| TASK DETAILS |
Repeat the whole listing. Keep it exact.

| INPUT MATERIAL |
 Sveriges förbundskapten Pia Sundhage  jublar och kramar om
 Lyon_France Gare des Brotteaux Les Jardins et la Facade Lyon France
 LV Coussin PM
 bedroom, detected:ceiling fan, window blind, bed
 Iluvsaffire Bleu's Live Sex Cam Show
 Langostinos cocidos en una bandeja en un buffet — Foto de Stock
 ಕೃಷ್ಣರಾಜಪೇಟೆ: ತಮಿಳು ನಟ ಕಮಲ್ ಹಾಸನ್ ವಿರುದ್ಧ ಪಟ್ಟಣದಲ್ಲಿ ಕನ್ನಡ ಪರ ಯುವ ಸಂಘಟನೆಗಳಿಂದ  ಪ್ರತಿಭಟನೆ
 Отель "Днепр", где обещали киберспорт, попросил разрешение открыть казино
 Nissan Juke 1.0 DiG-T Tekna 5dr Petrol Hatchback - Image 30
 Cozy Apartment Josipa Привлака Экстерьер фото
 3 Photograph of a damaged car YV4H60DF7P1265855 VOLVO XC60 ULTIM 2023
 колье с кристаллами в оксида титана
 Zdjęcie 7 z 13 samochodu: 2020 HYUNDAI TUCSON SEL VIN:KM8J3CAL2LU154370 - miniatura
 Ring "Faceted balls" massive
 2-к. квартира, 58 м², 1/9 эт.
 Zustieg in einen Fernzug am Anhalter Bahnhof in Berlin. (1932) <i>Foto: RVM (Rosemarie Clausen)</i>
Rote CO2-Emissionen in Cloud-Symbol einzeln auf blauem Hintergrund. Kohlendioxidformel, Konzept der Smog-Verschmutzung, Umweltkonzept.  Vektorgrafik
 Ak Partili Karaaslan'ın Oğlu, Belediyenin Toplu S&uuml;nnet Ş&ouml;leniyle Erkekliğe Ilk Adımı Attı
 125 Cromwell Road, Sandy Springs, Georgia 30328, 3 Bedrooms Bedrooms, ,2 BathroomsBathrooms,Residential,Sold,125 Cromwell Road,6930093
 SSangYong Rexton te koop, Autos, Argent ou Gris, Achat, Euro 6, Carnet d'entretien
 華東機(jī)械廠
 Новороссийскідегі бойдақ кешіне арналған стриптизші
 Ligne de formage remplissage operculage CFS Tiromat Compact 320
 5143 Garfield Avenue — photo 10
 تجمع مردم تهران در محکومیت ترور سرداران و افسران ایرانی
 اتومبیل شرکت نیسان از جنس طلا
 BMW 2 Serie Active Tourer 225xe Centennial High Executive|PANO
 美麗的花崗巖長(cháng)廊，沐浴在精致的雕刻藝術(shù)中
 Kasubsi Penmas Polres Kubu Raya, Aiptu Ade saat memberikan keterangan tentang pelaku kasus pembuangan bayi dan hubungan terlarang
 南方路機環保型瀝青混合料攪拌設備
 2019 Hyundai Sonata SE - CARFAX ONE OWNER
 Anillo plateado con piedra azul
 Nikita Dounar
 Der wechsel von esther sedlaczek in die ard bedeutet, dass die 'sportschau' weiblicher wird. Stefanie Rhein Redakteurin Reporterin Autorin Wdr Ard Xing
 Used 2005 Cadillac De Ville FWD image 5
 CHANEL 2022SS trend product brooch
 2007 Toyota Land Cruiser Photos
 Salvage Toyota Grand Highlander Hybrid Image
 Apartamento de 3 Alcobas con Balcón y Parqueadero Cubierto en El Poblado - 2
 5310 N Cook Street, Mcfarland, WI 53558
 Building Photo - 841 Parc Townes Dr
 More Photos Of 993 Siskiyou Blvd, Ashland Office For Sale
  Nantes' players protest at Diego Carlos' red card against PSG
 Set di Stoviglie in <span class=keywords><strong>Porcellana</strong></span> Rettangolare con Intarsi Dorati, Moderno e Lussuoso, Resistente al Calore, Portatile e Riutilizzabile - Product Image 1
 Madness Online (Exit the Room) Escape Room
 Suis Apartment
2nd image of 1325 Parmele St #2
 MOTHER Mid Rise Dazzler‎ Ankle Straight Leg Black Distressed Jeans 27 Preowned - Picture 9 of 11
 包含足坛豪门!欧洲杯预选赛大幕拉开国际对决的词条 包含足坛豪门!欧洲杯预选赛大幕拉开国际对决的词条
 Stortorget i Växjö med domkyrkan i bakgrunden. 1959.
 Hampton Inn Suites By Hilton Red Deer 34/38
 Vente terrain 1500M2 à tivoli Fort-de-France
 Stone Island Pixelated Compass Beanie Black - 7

| RESULT |
 Sveriges förbundskapten Pia Sundhage  jublar och kramar om
 Lyon_France Gare des Brotteaux Les Jardins et la Facade Lyon France
 LV Coussin PM
 bedroom, detected:ceiling fan, window blind, bed
 Iluvsaffire Bleu's Live Sex Cam Show
 Langostinos cocidos en una bandeja en un buffet — Foto de Stock
 ಕೃಷ್ಣರಾಜಪೇಟೆ: ತಮಿಳು ನಟ ಕಮಲ್ ಹಾಸನ್ ವಿರುದ್ಧ ಪಟ್ಟಣದಲ್ಲಿ ಕನ್ನಡ ಪರ ಯುವ ಸಂಘಟನೆಗಳಿಂದ  ಪ್ರತಿಭಟನೆ
 Отель "Днепр", где обещали киберспорт, попросил разрешение открыть казино
 Nissan Juke 1.0 DiG-T Tekna 5dr Petrol Hatchback - Image 30
 Cozy Apartment Josipa Привлака Экстерьер фото
 3 Photograph of a damaged car YV4H60DF7P1265855 VOLVO XC60 ULTIM 2023
 колье с кристаллами в оксида титана
 Zdjęcie 7 z 13 samochodu: 2020 HYUNDAI TUCSON SEL VIN:KM8J3CAL2LU154370 - miniatura
 Ring "Faceted balls" massive
 2-к. квартира, 58 м², 1/9 эт.
 Zustieg in einen Fernzug am Anhalter Bahnhof in Berlin. (1932) <i>Foto: RVM (Rosemarie Clausen)</i>
Rote CO2-Emissionen in Cloud-Symbol einzeln auf blauem Hintergrund. Kohlendioxidformel, Konzept der Smog-Verschmutzung, Umweltkonzept.  Vektorgrafik
 Ak Partili Karaaslan'ın Oğlu, Belediyenin Toplu S&uuml;nnet Ş&ouml;leniyle Erkekliğe Ilk Adımı Attı
 125 Cromwell Road, Sandy Springs, Georgia 30328, 3 Bedrooms Bedrooms, ,2 BathroomsBathrooms,Residential,Sold,125 Cromwell Road,6930093
 SSangYong Rexton te koop, Autos, Argent ou Gris, Achat, Euro 6, Carnet d'entretien
 華東機(jī)械廠
 Новороссийскідегі бойдақ кешіне арналған стриптизші
 Ligne de formage remplissage operculage CFS Tiromat Compact 320
 5143 Garfield Avenue — photo 10
 تجمع مردم تهران در محکومیت ترور سرداران و افسران ایرانی
 اتومبیل شرکت نیسان از جنس طلا
 BMW 2 Serie Active Tourer 225xe Centennial High Executive|PANO
 美麗的花崗巖長(cháng)廊，沐浴在精致的雕刻藝術(shù)中
 Kasubsi Penmas Polres Kubu Raya, Aiptu Ade saat memberikan keterangan tentang pelaku kasus pembuangan bayi dan hubungan terlarang
 南方路機環保型瀝青混合料攪拌設備
 2019 Hyundai Sonata SE - CARFAX ONE OWNER
 Anillo plateado con piedra azul
 Nikita Dounar
 Der wechsel von esther sedlaczek in die ard bedeutet, dass die 'sportschau' weiblicher wird. Stefanie Rhein Redakteurin Reporterin Autorin Wdr Ard Xing
 Used 2005 Cadillac De Ville FWD image 5
 CHANEL 2022SS trend product brooch
 2007 Toyota Land Cruiser Photos
 Salvage Toyota Grand Highlander Hybrid Image
 Apartamento de 3 Alcobas con Balcón y Parqueadero Cubierto en El Poblado - 2
 5310 N Cook Street, Mcfarland, WI 53558
 Building Photo - 841 Parc Townes Dr
 More Photos Of 993 Siskiyou Blvd, Ashland Office For Sale
  Nantes' players protest at Diego Carlos' red card against PSG
 Set di Stoviglie in <span class=keywords><strong>Porcellana</strong></span> Rettangolare con Intarsi Dorati, Moderno e Lussuoso, Resistente al Calore, Portatile e Riutilizzabile - Product Image 1
 Madness Online (Exit the Room) Escape Room
 Suis Apartment
2nd image of 1325 Parmele St #2
 MOTHER Mid Rise Dazzler‎ Ankle Straight Leg Black Distressed Jeans 27 Preowned - Picture 9 of 11
 包含足坛豪门!欧洲杯预选赛大幕拉开国际对决的词条 包含足坛豪门!欧洲杯预选赛大幕拉开国际对决的词条
 Stortorget i Växjö med domkyrkan i bakgrunden. 1959.
 Hampton Inn Suites By Hilton Red Deer 34/38
 Vente terrain 1500M2 à tivoli Fort-de-France
 Stone Island Pixelated Compass Beanie Black - 7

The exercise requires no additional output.